Why is swc fast?

swc is fast. Very fast. It's 18x faster than babel on a single-core benchmark, and on a parallel benchmark, it's 68x faster than babel on a 4 core (8 HT) machine. Why? Just because it's written in rust? No. Its fundamental design differs from any other tool.

The language#

Just rewriting something in another language does not make it faster.

This is partially correct. Rewriting something in a language with an optimizing compiler can make difference. Some compilers including rustc, which uses llvm as a backend, are good at optimizing codes.


Edit: makes -> can make, created an optimization hints section,


Optimization hints#

Sometimes, rustc cannot deduce that it's dead code even if it is dead. In swc, we give enough hint if it's the case.

For example, not all passes touch all of the ast. Many passes return the given ast node as-is. Especially, most passes have nothing to do with types. So those passes return the typings as-is. So, it would be cool if those handlers are optimized out. rustc failed to optimize it out by default because it changes semantic, but we can help it.

macro_rules! noop_fold_type {
($F:ty, $N:tt) => {
impl Fold<swc_ecma_ast::$N> for $F {
#[inline]
fn fold(&mut self, node: swc_ecma_ast::$N) -> swc_ecma_ast::$N {
node
}
}
};
($F:ty) => {
noop_fold_type!($F, Accessibility);
// ...
// Simillar code for each ast types
};
}

See it on github.

Now, it's optimized out. However, what matters is allocations. Fold<Vec<T>> is implemented as below.

impl<T, F> FoldWith<F> for Vec<T>
where
F: Fold<T>,
{
fn fold_children(self, f: &mut F) -> Self {
self.move_map(|it| f.fold(it))
}
}

move_map() is a hack to prevent reallocation. When Fold<T> is an identity function, Fold<Vec<T>> is cleary no-op. Let's see the generated assembly for the code below. The link contains the actual implementation of move_map.

pub fn ret(v: Vec<i32>) -> Vec<i32> {
v
}
pub fn move_map(v:Vec<i32>) -> Vec<i32> {
v.move_map(|v| v)
}
example::ret:
mov rax, rdi
mov rcx, qword ptr [rsi + 16]
mov qword ptr [rdi + 16], rcx
movups xmm0, xmmword ptr [rsi]
movups xmmword ptr [rdi], xmm0
ret
example::move_map:
sub rsp, 24
mov rax, rdi
movups xmm0, xmmword ptr [rsi]
movaps xmmword ptr [rsp], xmm0
mov rcx, qword ptr [rsi + 16]
movups xmmword ptr [rdi], xmm0
mov qword ptr [rdi + 16], rcx
add rsp, 24
ret

Great. Although it's a bit longer than no-op, no allocation occurs and thus it's fast enough. The same goes for the Box<T>. See https://godbolt.org/z/5fDXQK if you want.

Design#

String caching#

Identifiers are inherently used multiple times. swc utilizes string_cache from the servo project to cache strings. Common identifiers like Object is stored as a constant.

Less scope analysis#

Scope analysis is done only 2 ~ 4 times per file. One at the start of processing, one at the end of processing, one to strip type-only imports (typescript only), and the last one to transcompile it into the other type of modules. (cjs, amd, umd)

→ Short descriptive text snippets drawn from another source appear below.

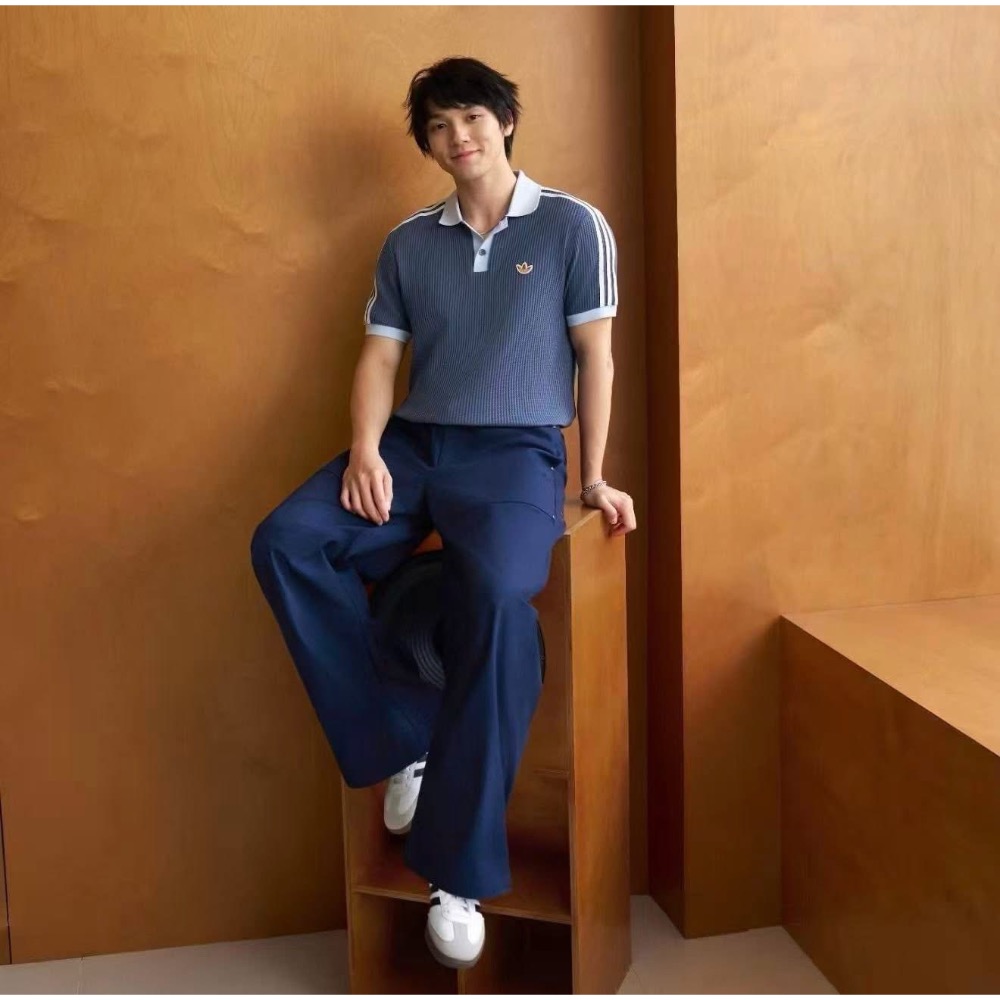 Adidas 校園風華夫格polo-細節圖3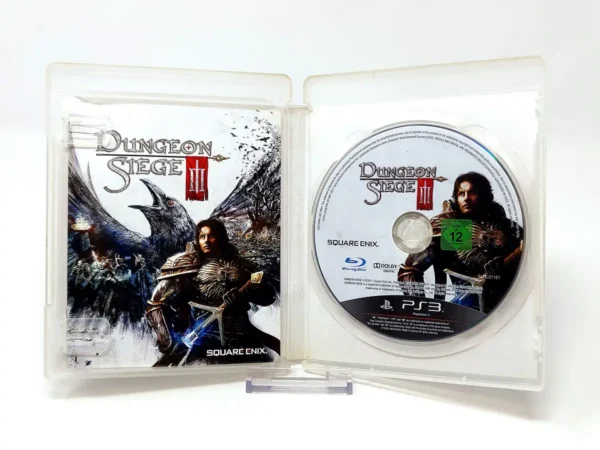 Interior del juego Dungeon Siege III (ESP) para PlayStation 3 con disco y manual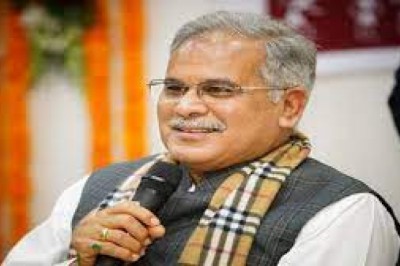 मुख्यमंत्री भूपेश बघेल ने मासिक रेडियो वार्ता लोकवाणी की 26वीं कड़ी में उद्योग, व्यापार और कारोबार से जुड़े विषयों पर बात की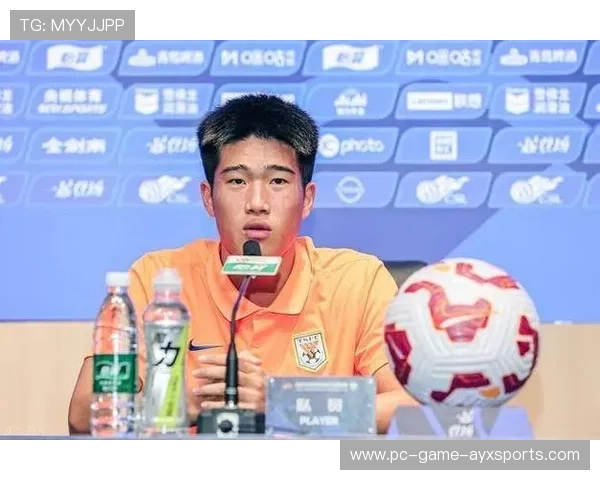 彭啸后防稳定输出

I'll explain how it works, and why it's fast. First, before applying any other transformations, resolver pass colors the identifiers.

Note that the symbol is not changed. ___ denotes the context number and it's not part of the symbol.

const foo = 1;
use(foo);
{
const foo = 2;
use(foo);
}

becomes

const foo___1 = 1;
use(foo___1);
{
const foo___2 = 2;
use(foo___2);
}

Then, other passes insert identifiers if required. There's a helper macro to create a private ident. Let's suppose that a pass appended a private identifier named foo to the top level.

It's now

const foo = 1;
use(foo);
{
const foo = 2;
use(foo);
}
const foo = 3;

and with expanded context number, it's

const foo___1 = 1;
use(foo___1);
{
const foo___2 = 2;
use(foo__2);
}
const foo___3 = 3;

The last pass, named hygiene, removes context numbers and changes symbol to the appropriate one. It becomes

const foo = 1;
use(foo);
{
const foo1 = 2;
use(foo1);
}
const foo2 = 3;

It means that passes between resolver and hygiene can inject identifiers as they want without any heavy operation.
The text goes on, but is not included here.